= Murder of Marilyn Rynn =

1995 murder in Ireland

Marilyn Rynn was an Irish woman who was murdered at the age of 41 after being attacked on the way home from a work Christmas party in the early hours of 22 December 1995. Her killer was the first in Ireland to be caught using DNA testing.

==Background==
Marilyn Rynn lived in Blanchardstown and was employed in the civil service with the Department of the Environment.

==Crime==
On the night of 21 December 1995, Marilyn Rynn attended a work Christmas party with her colleagues at Shieling Hotel in Raheny. She left the party at 2am and later met with friends for food on O'Connell Street. At around 3am she took the Nitelink bus home from Westmoreland Street.

After disembarking near her home, Rynn took a shortcut home through Tolka Valley Park where she was attacked. She had been raped and strangled.

==Investigation==
Marilyn Rynn was reported missing on St. Stephen's Day after she failed to turn up for Christmas dinner at her parents' home. The initial investigation was hampered by inaccurate witness reports with a witness claiming to have seen her boarding a bus on Friday 22 December and from a friend who claimed to have received a phone call from Rynn on Friday.

Rynn's body was recovered on 7 January 1996, from Tolka Valley Park after a cadaver dog found her during a planned search. Semen was recovered from her body. It had been preserved by the freezing temperatures at the time.

Gardaí investigated a potential link between the murder and the disappearance of Annie McCarrick upon learning that Annie had an acquaintance who had contact with Rynn before her death.

Gardaí took over 2000 statements and 354 blood samples over the course of the investigation.

==David Lawler==
David Lawler originally of Baltinglass, County Wicklow and living in Blanchardstown, was living nearby Rynn at the time of her death. He had also attended a Christmas party on the same night as Rynn. He is first cousins with infamous criminal Larry Murphy and attended school with him.

During house to house inquires following the discovery of Rynn's body, Lawler admitted to being in the area at the time of the crime. He subsequently gave a blood sample in February 1996. The DNA match returned in July 1996 and further tests confirmed this. He was charged with Rynn's murder in August 1996.

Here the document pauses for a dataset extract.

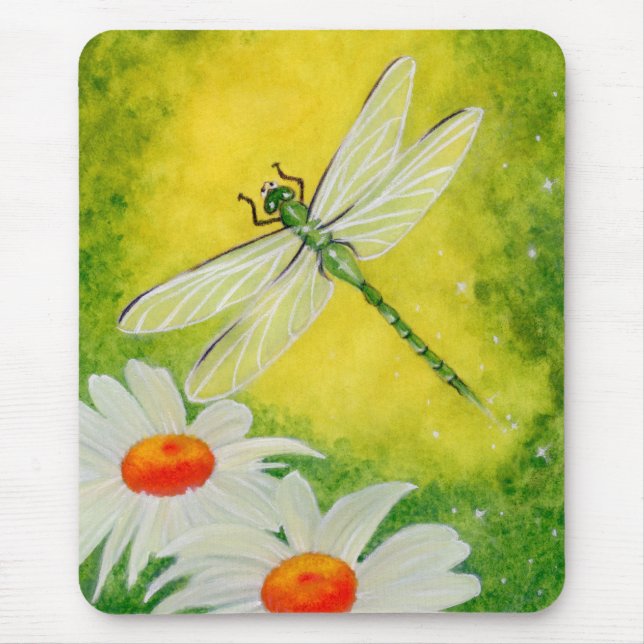 Libellen-Gänseblümchen Mousepad (Vorne)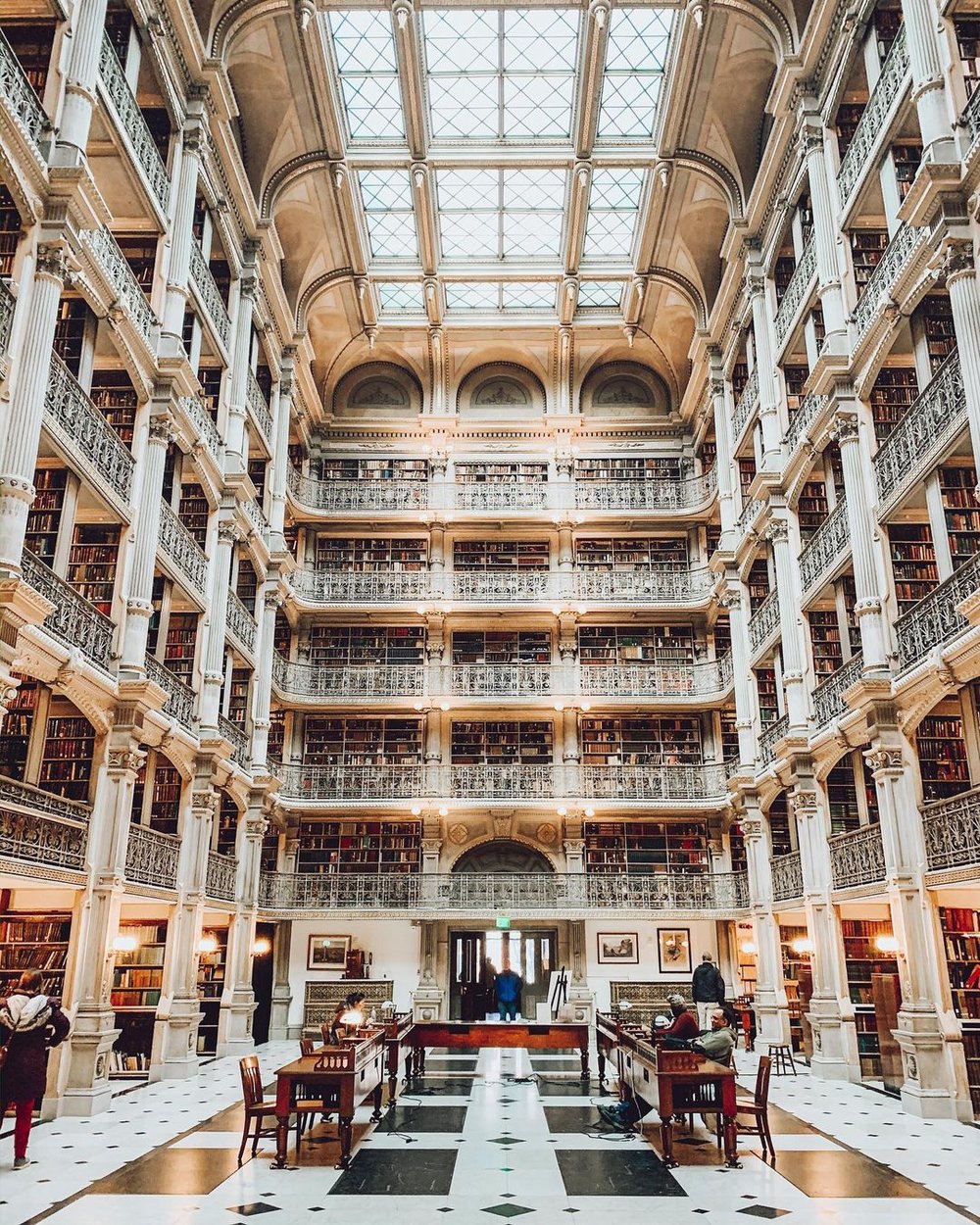 George Peabody Library in USA most beautiful library in the world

Following his arrest, Lawler confessed and said he was overcome by "sexual and homicidal impulses". He had been walking home behind Rynn through Tolka Valley Park when he raped and strangled her on "spontaneous impulse". Prior to his arrest he had used the internet to research DNA and falsely believed evidence of his crime could not survive the elements and consented to giving a blood sample.

He pleaded guilty at trial and was sentenced to life imprisonment though was released in January 2026, nearly 30 years after his arrest.

==Media==
Marilyn Rynn's case was featured on Crimeline in 1996. Her murder was also covered in the true crime books The Making of a Detective by Pat Marry, a Garda who investigated the murder, and Lifers: Ireland's evil killers and how they were caught, by Barry Cummins.